Training Flappy Bird with Deep Q Network and SARSA

Deep Q-Network Epsilon-Greedy Exploration Adam Optimizer SGD Optimizer Flappy Bird

Authors

  • Choo Huan Long Asia Pacific University of Technology and Innovation (APU) Kuala Lumpu, Malaysia
  • Liew Wen Heng Asia Pacific University of Technology and Innovation (APU) Kuala Lumpur, Malaysia
  • Wong Ying Cheng Asia Pacific University of Technology and Innovation (APU) Kuala Lumpur, Malaysia
  • Yong Zhen Xing Asia Pacific University of Technology and Innovation (APU) Kuala Lumpur, Malaysia
  • Zailan Arabee Abdul Salam
    zailan@apu.edu.my
    Asia Pacific University of Technology and Innovation (APU) Kuala Lumpur, Malaysia
Vol. 8 No. 1 (2024)
Original Research
January 10, 2026

Downloads

Deep Q-Network (DQN) is implemented in this Flappy Bird Game, and the purpose of the project is to tweak and change the parameters to meet the desired outcome, which is passing pipes if the agent can.

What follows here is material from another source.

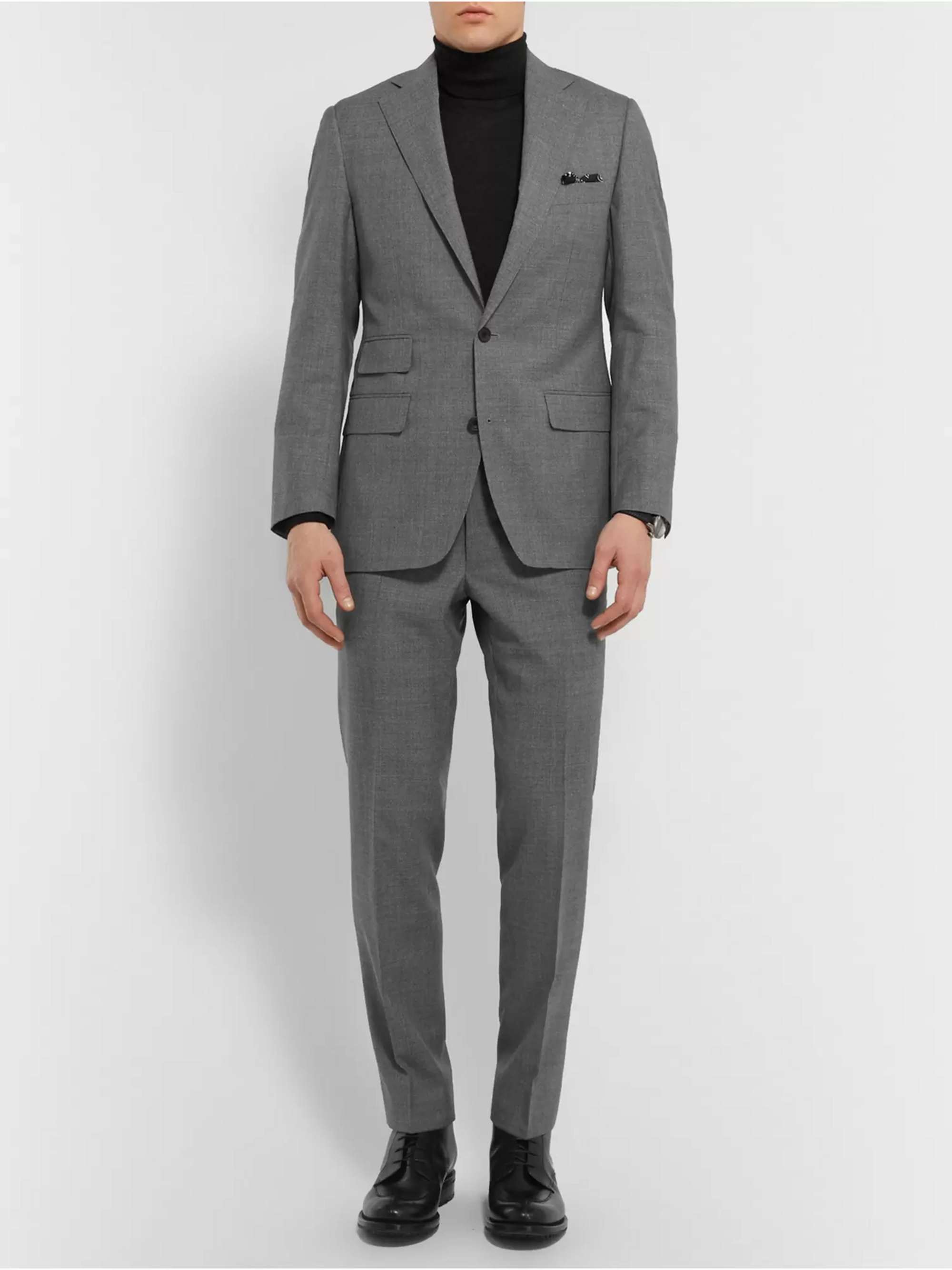 THOM SWEENEY Grey Weighouse Slim-Fit Wool Suit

DQN are employed into the project to maximize cumulative reward while making decisions in real-time gameplay. In this project, the Flappy Bird game environment is set up along with the state and action spaces, the Q-network, an experience replay buffer, and a training loop. Using ε-greedy policies, the agent learns to make the best decisions by balancing exploration and exploitation. DeepMind’s experience replay was employed to enhance the stability of learning. Adam optimizer and SGD optimizer are monitoring the agent’s train/loss, and the α and ε will be modified to make a comparison between different parameters.